The two high school besties wake up, dishevelled and stunned, in a park, intent on breaking into the cool clique by finding their way to an after after party — but with no recollection of the past parties that led them to where they are.
As they unravel those details, the audience takes a bizarrely funny drug-and-booze-fuelled trip. Picture mixing Fear and Loathing in Las Vegas with a bit of The Hangover and an Adult Swim cartoon in a bathtub full of Fireball whiskey.
Performer/creators Cheyenne Mabberley and Katey Hoffman deliver great comedic performances — Hoffman's turn as the weirdly intense and utterly strange Fiona is worth the price of admission alone.
It's not for everyone, but I — and, apparently, much of a surprisingly large Thursday matinee crowd — found it weird, raunchy and hilarious fun.
— Reviewed by Joff Schmidt
Juliet: A Revenge Comedy
★★★★★ STARS
Ryan Gladstone's Monster Theatre is money in the bank.
In this brand new show, written by Gladstone and Pippa Mackie, Juliet joins a bevy Shakespeare's Suicide Girls as they try to gain agency over their lives outside of the Bard's sharp and sexist quill.

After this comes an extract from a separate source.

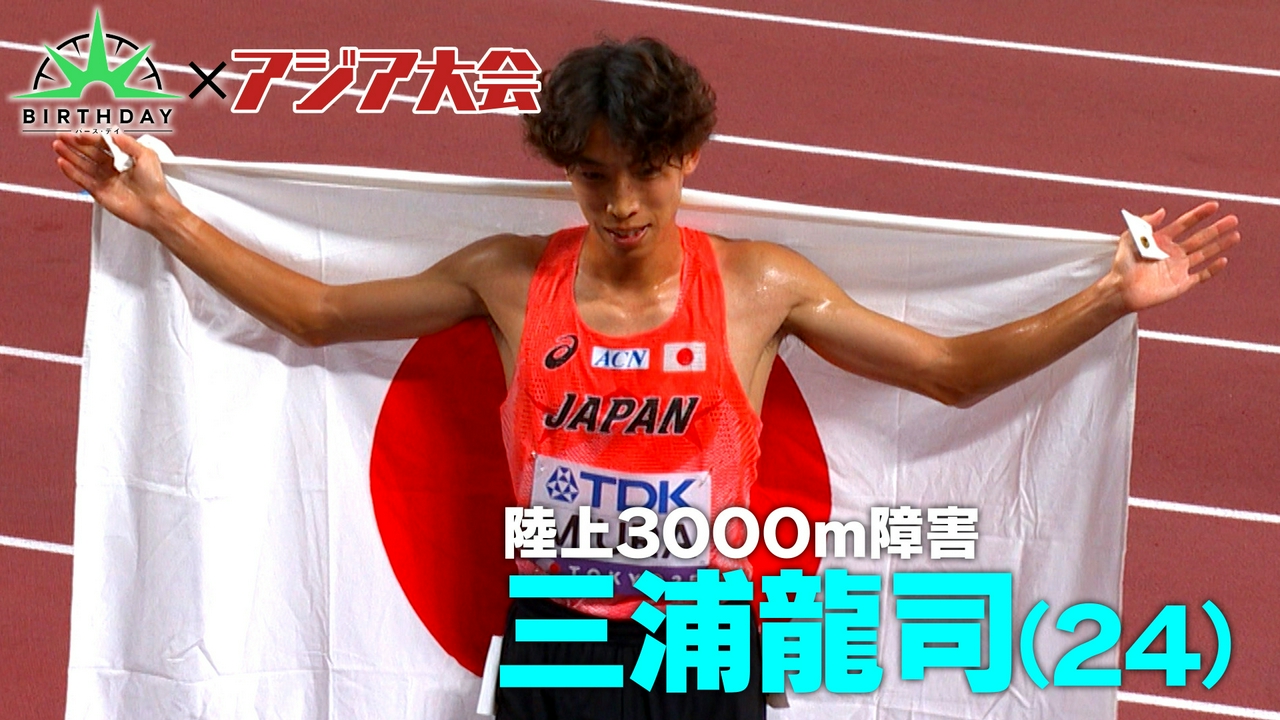 陸上・三浦龍司 日本のエースの新たな挑戦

Mackie, alongside Carly Pokoradi, channel the child Juliet and a fearsome Lady Macbeth along with Ophelia, Cleopatra and more. Gladstone plays a suitably foppish William of Stratford to a merry band of feminists in this time-shifting, mind-bending comedic confection.
It's cerebral without ever being inaccessible. It's comfortably cool in the handy, food-purveying King's Head Pub venue, so you'd be daft, or slow to buy, to miss out on this sure-to-sell-out gem.
Aaron Malkin: Dandelion
★★★★ STARS
Imagine that your friend is a world-class performer. He's been a dad for a couple/few years now and he has some adorable videos, cute pictures and an hour's worth of anecdotes on the trials, tribulations and triumphs of being a parent.

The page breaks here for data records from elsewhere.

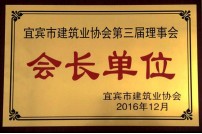 2016年選為宜賓市建筑業(yè)協(xié)會會長單位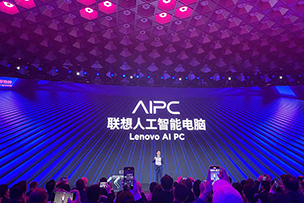 華途傳媒 | 聯(lián)想AIPC“AI元啟”版即將上市，為勞動者獻上科技禮贊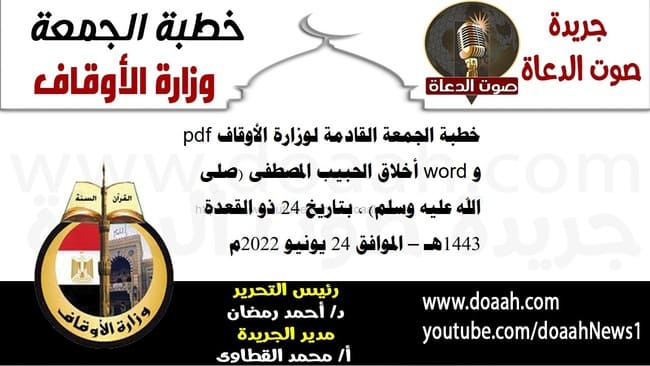 خطبة الجمعة القادمة لوزارة الأوقاف pdf و word : أخلاق الحبيب المصطفى (صلى الله عليه وسلم) ، بتاريخ 24 ذو القعدة 1443هـ – الموافق 24 يونيو 2022م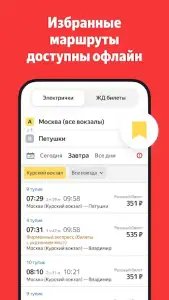 Яндекс.Электрички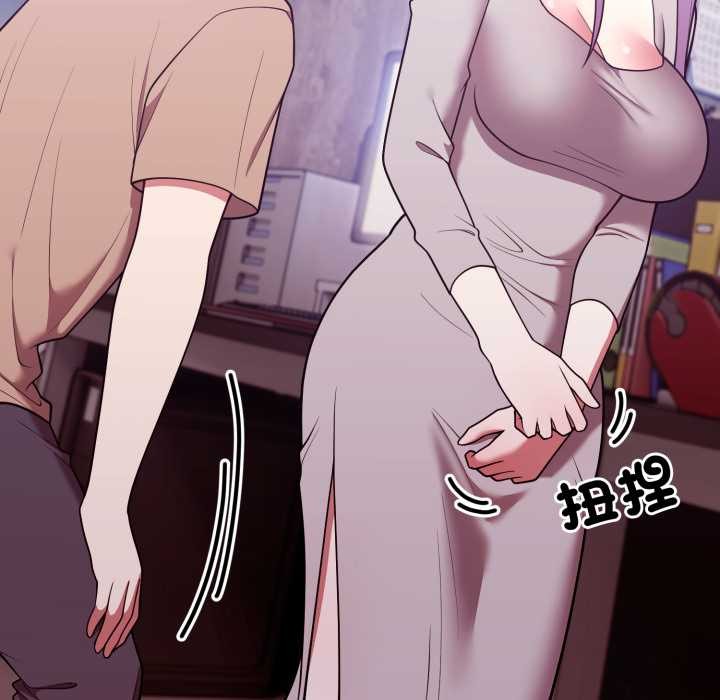 難言之秘第37話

If you are me, you run for the hills.
And you would be missing out because Aaron Malkin, award-winning member of Fringe-fave troupe James & Jamesy, is a delight in this ode to parenthood, Dandelion. He is masterful at engaging the audience and disarmingly vulnerable addressing his perceived failings as a dad.
Malkin hits us with his best dad jokes, a compilation of cute-things-my-kid-said segment, and then comes the butter.

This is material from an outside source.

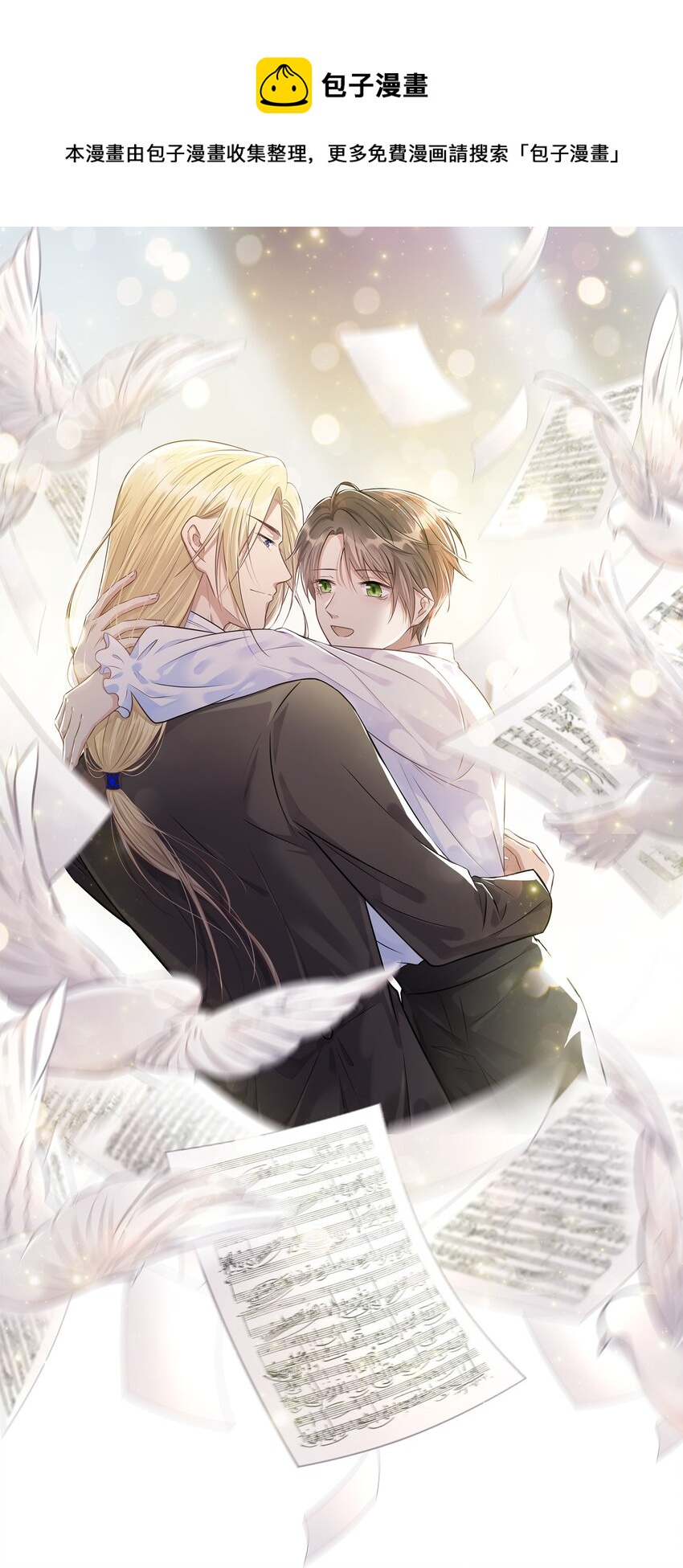 050 等你想明白-第52话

In a transformative piece of physical theatre, Malkin re-enacts his son discovering and exploring a stick of butter. It is touching. It is poignant. It is hilarious. It is art.
Come for the cute kid pics, stay for the butter.
— Reviewed by Michelle Palansky
Bad Baby Presents: Rules Control the Fun  Â
★★★★ STARS
Bad Baby spends much of her meta clown act proving she "knows all the rules for a great solo show" with frank, funny and unsettling stories that offer a peek into the deepest insecurities of being a red-nosed fringe performer.
To say much more than that would be to spoil an effective surprise.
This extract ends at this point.